Even with Olajuwon back in the lineup for the stretch run last season, the Rockets lost four of their final five games and missed the playoffs for the first time since 1983-84, the season before Olajuwon joined them. Some observers thought that Houston might have tanked the games in order to qualify for the draft lottery; but, in fact, the Rockets were probably as bad as their pitiful record indicated. "We went through more in one year than most teams go through in three," says Patterson, who then smiles the smile of the redeemed. "But turnarounds like ours, well, I guess that's what makes sports so interesting."

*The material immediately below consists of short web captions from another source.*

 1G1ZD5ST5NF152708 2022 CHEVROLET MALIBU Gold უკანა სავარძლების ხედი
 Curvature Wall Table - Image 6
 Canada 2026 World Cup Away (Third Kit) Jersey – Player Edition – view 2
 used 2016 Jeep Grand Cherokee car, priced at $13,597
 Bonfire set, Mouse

And right now Houston is the most interesting team in the NBA. Its 104-95 victory over the Utah Jazz Saturday night was a franchise-record-tying 13 in a row. The San Antonio Spurs have been the rebirth story of the year, but as of Sunday the Rockets, picked to finish out of the playoffs by more than one NBA observer, were one game ahead of the second-place Spurs in the Midwest Division. The Phoenix Suns, 46-14 to Houston's 40-21 at week's end, may be uncatchable for the NBA's best record, but the second seed in the Western Conference playoffs would be more than the Rockets dared hope for just five weeks ago, when, after embarrassing back-to-back home losses to the wretched Minnesota Timberwolves and the woeful Washington Bullets, their record stood at 26-20.

As for the peaceful man in the pivot, well, he's simply having a career season: Through Sunday he was averaging 25.2 points, 12.8 rebounds, 1.6 steals and a league-leading 4.2 blocked shots a game. Phoenix's Charles Barkley may keep Olajuwon from winning his first MVP award, but Olajuwon will most assuredly receive, for the first time in his eight-season career, strong consideration for the honor. Over the years he has received only four first-place MVP votes, with his highest finish coming at the end of the 1985-86 season—in which the Rockets reached the Finals—when he was fourth behind Larry Bird, Dominique Wilkins and Magic Johnson.

At the very least Houston's ascendance has put a spotlight on the NBA's most overlooked superstar. A number of factors have contributed to Olajuwon's relative obscurity: the Rockets' numbing mediocrity since losing the 1985-86 championship series to the Boston Celtics in six games, the presence in the pivot of more camera-ready figures, like David Robinson of the Spurs and now Shaquille O'Neal of the Orlando Magic, a dearth of endorsements and perhaps even his Nigerian heritage. If Olajuwon has not exactly been ignored, he certainly has been taken for granted.

Not anymore. "Nobody in the league dominates the game on both ends of the floor like Hakeem," says Sacramento King center-forward Wayman Tisdale. After Olajuwon had 27 points, 10 rebounds and six blocked shots in a 104-91 win over the Portland Trail Blazers last Thursday, Blazer coach Rick Adelman said, "You can compare these great centers all you want and not figure out who's best. All I know is, there's no one better than Hakeem."

The Dream is the lone MVP contender without a best supporting actor. Barkley has Dan Majerle; Robinson has Sean Elliott; Michael Jordan has Scottie Pippen with him on the Chicago Bulls; and Mark Price has Brad Daugherty with him on the Cleveland Cavaliers. Hakeem has...Otis Thorpe? Kenny Smith? Vernon Max-well? Peruse the list of the NBA's leading scorers and rebounders and, after seeing Olajuwon in sixth and third, respectively, you'll find no other Rocket in the Top 40 in either category. "Night in and night out," says Houston guard Scott Brooks, "Dream just picks us up and carries us."